What is being asked | Transcribe the data below verbatim from the line with "Antike Regency Mahagoni Sitzbank" to the line with "Black DG mini leather chain wallet". Include both of those lines.

Input records |
══════
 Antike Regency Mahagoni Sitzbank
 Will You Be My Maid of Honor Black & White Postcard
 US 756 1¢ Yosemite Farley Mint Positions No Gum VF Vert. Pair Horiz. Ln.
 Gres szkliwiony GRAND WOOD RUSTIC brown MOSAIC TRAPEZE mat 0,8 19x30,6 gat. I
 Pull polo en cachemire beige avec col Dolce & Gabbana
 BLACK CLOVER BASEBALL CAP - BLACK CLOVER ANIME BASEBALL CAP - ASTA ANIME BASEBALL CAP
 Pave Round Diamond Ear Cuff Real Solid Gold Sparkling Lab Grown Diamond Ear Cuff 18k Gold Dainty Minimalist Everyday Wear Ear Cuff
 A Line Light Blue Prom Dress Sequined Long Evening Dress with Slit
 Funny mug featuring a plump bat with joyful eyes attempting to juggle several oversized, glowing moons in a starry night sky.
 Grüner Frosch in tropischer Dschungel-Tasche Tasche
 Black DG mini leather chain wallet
══════
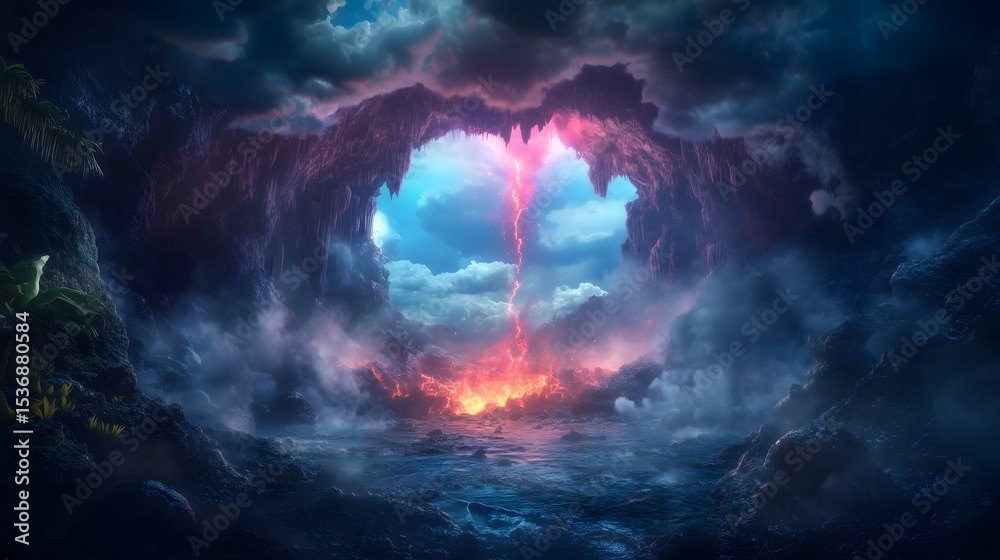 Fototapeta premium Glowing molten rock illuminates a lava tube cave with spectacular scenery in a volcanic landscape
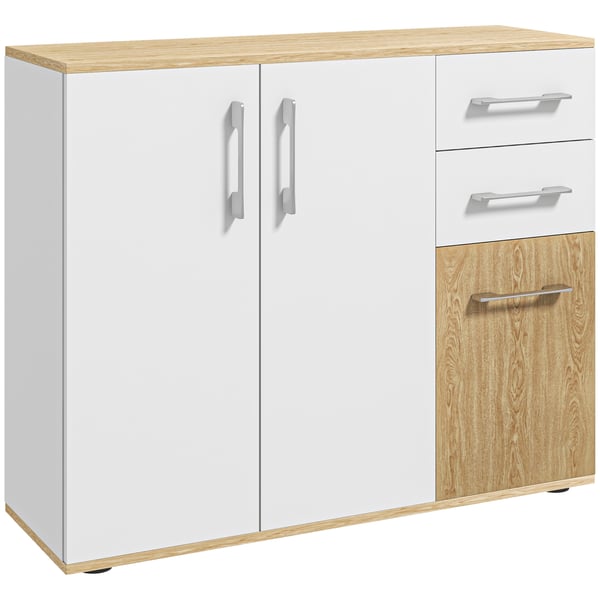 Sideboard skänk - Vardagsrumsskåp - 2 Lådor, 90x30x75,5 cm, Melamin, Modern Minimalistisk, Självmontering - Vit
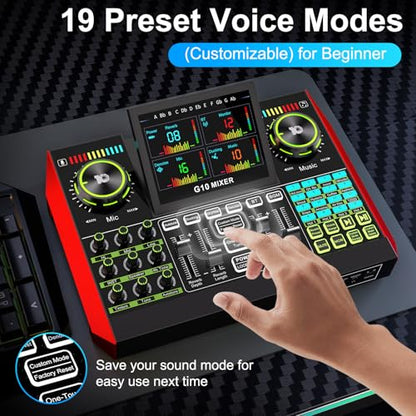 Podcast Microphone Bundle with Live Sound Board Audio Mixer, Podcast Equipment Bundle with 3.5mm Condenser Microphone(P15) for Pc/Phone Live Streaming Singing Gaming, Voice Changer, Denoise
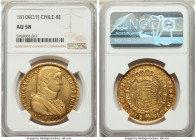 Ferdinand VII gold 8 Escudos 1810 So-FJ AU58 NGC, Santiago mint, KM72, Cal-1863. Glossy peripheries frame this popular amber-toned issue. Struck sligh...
══════
Response box |
 Antike Regency Mahagoni Sitzbank
 Will You Be My Maid of Honor Black & White Postcard
 US 756 1¢ Yosemite Farley Mint Positions No Gum VF Vert. Pair Horiz. Ln.
 Gres szkliwiony GRAND WOOD RUSTIC brown MOSAIC TRAPEZE mat 0,8 19x30,6 gat. I
 Pull polo en cachemire beige avec col Dolce & Gabbana
 BLACK CLOVER BASEBALL CAP - BLACK CLOVER ANIME BASEBALL CAP - ASTA ANIME BASEBALL CAP
 Pave Round Diamond Ear Cuff Real Solid Gold Sparkling Lab Grown Diamond Ear Cuff 18k Gold Dainty Minimalist Everyday Wear Ear Cuff
 A Line Light Blue Prom Dress Sequined Long Evening Dress with Slit
 Funny mug featuring a plump bat with joyful eyes attempting to juggle several oversized, glowing moons in a starry night sky.
 Grüner Frosch in tropischer Dschungel-Tasche Tasche
 Black DG mini leather chain wallet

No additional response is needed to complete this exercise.